Les patrons luxembourgeois n’ont pas encore à craindre, comme c’est le cas dans les pays anglo-saxons, qu’un de leurs employés ne se « mette à table » pour révéler, par exemple, des écarts de gestion, des abus de droit ou même des atteintes à l’ordre public ou moral, en divulguant une liste de clients étrangers en délicatesse avec leur fisc. La dénonciation de ce type de faits relèvera toujours au mieux de l’infraction de diffamation ou de calomnie, au pire du vol domestique, abus de confiance, voire de la violation du secret professionnel, lorsqu’il s’agit de professionnels du secteur financier tenus à la discrétion la plus absolue sur la cuisine interne de leur établissement. Pour autant, le patronat est loin d’applaudir le projet de réforme du code du travail assurant une meilleure protection que dans le passé aux salariés « donneurs d’alerte », les whistleblowers dans le jargon anglo-saxon.
Les fonctionnaires et employés du secteur public ou para-public seront, eux, obligés de tirer la sonnette d’alarme sans délai, lorsque, dans l’exercice de leur fonction, ils auront connaissance de « faits susceptibles de constituer un crime ou un délit ». Couvrant les faits de criminalité économique de A à Z, la liste va donc bien au-delà des faits de corruption et la réforme met un point final à une controverse qui a longtemps alimenté la chronique juridique pour savoir si les fonctionnaires, tenus par des obligations de discrétion comme les agents du fisc par exemple, devaient systématiquement saisir la justice lorsqu’ils avaient connaissance de violations de la loi. Le statut de la fonction publique les y oblige en principe, mais plusieurs affaires de fraude fiscale dans les années 1990 ont montré les limites de cette disposition. Les réticences des agents de l’administration des contributions et de l’enregistrement à signaler des soupçons de blanchiment d’argent au Parquet de Luxembourg, d’ailleurs levées depuis la loi anti-blanchiment de 2004, avaient également suscité la polémique. Les représentants de la fonction publique n’auront plus à tergiverser : ils seront désormais tenus de sortir le sifflet, nonobstant le secret professionnel qui les lie.
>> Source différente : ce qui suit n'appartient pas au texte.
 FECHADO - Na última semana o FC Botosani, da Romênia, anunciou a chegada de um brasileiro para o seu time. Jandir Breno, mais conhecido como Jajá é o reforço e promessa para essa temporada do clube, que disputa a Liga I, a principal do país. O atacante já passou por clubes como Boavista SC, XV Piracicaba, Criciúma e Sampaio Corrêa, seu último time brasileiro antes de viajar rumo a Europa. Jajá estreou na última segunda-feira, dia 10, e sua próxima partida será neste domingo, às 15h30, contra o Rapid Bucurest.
Il y aurait actuellement sur le métier, selon les estimations prudentes de Transparency International Luxembourg, une dizaine de plaintes pénales de fonctionnaires ayant dénoncé des faits de corruption. Le compteur des plaintes de whistleblowers dans le secteur privé devrait être proche de zéro, toujours selon l’organisation. Privés, ou presque quoi qu’en disent les milieux patronaux, de droits et de protection contre les licenciements, les salariés du privé n’ont aucune raison, sinon à vouloir jouer les kamikazes dans leur entreprise, de pointer l’index sur ses manquements à la loi, ni même ses défaillances dans la gouvernance. Ceux qui osent le faire agissent après avoir donné leur lettre de démission ou, le plus souvent, après leur renvoi, ce qui ne plaide pas d’ailleurs pour la crédibilité de leurs informations ni l’intégrité de leurs intentions, les patrons les accusant volontiers de vouloir se venger après un limogeage. Les plaintes sont rares et devraient le rester dans le secteur privé. Lorsqu’on a quelque chose sur le cœur et qu’on est plutôt « grande gueule », on s’adresse d’abord à son supérieur hiérarchique avant d’ameuter la justice, les médias ou des organisations de lutte contre la criminalité économique.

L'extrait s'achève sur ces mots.